──────── Given information ────────
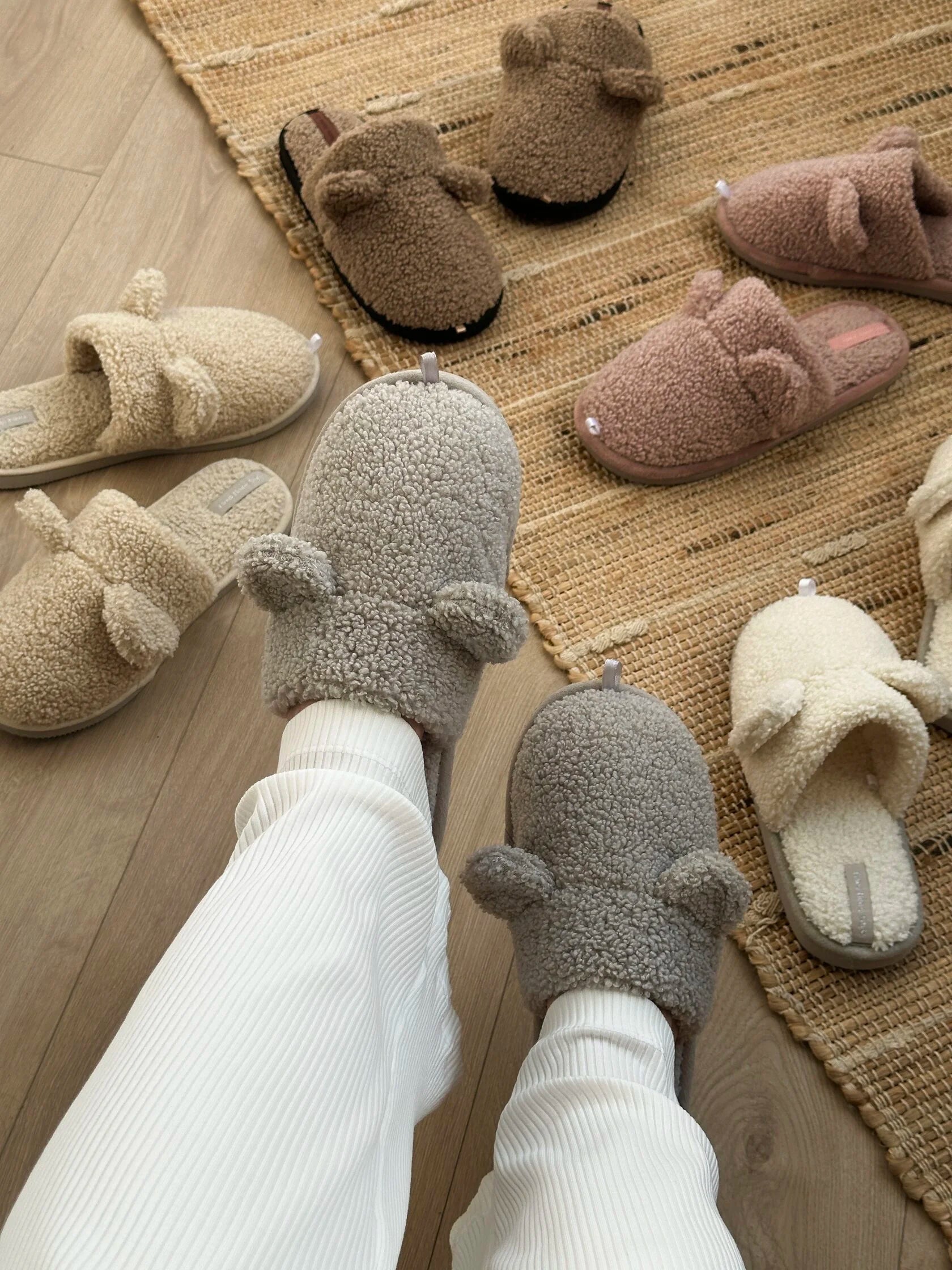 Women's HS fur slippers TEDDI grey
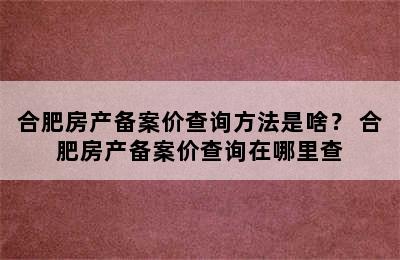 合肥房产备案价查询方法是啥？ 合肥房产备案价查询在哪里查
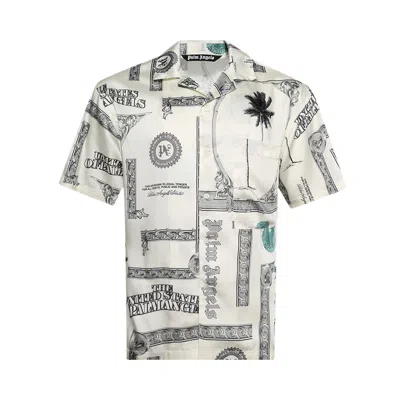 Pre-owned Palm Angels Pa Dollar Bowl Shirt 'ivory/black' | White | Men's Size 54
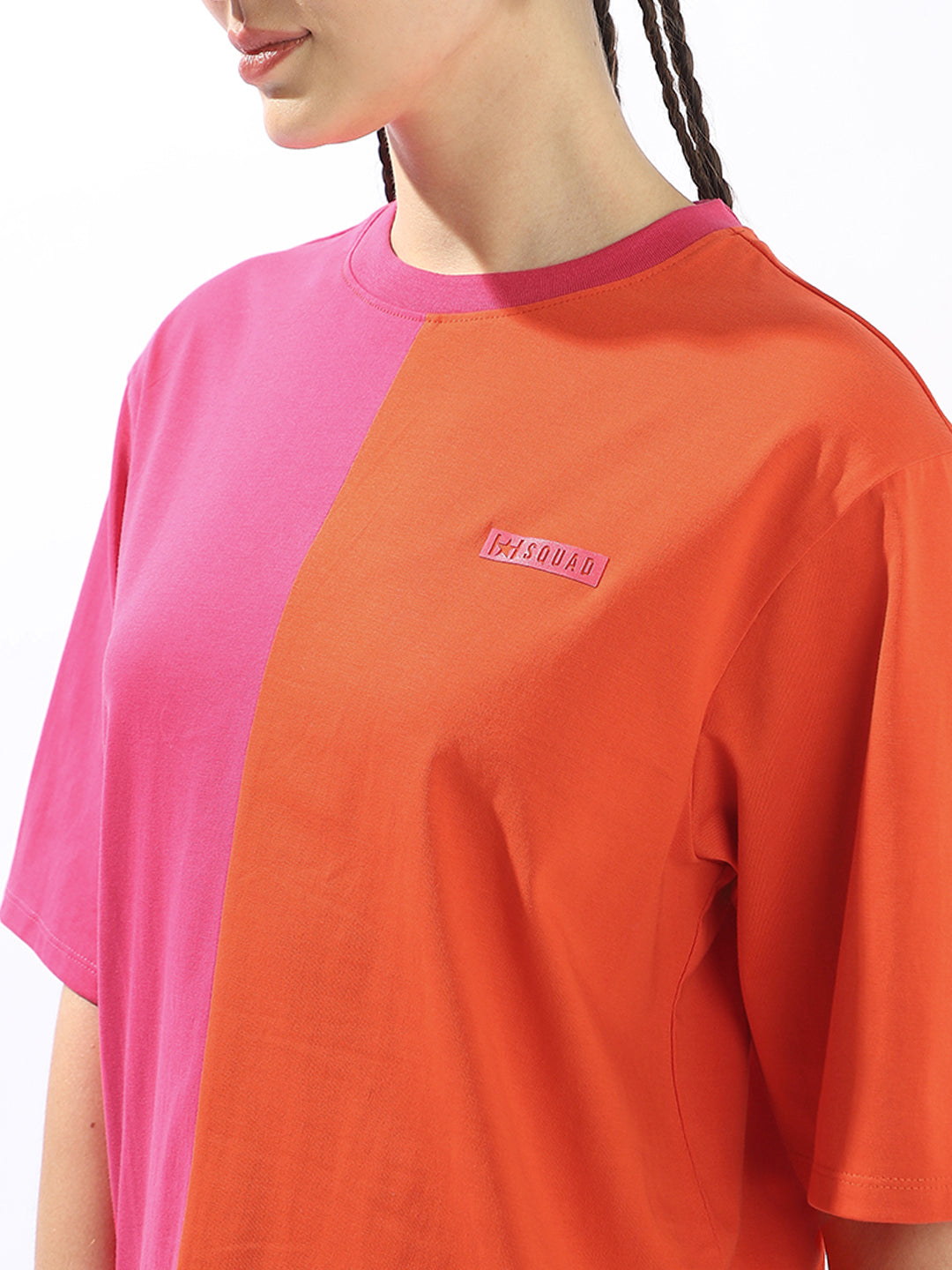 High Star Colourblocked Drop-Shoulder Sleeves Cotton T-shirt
────────
- Task -
In the listing above, find the line containing "Pre-owned Palm Angels" and restate it and every later line verbatim, with the pictures left out.

- Solution for this task -
 Pre-owned Palm Angels Pa Dollar Bowl Shirt 'ivory/black' | White | Men's Size 54
 High Star Colourblocked Drop-Shoulder Sleeves Cotton T-shirt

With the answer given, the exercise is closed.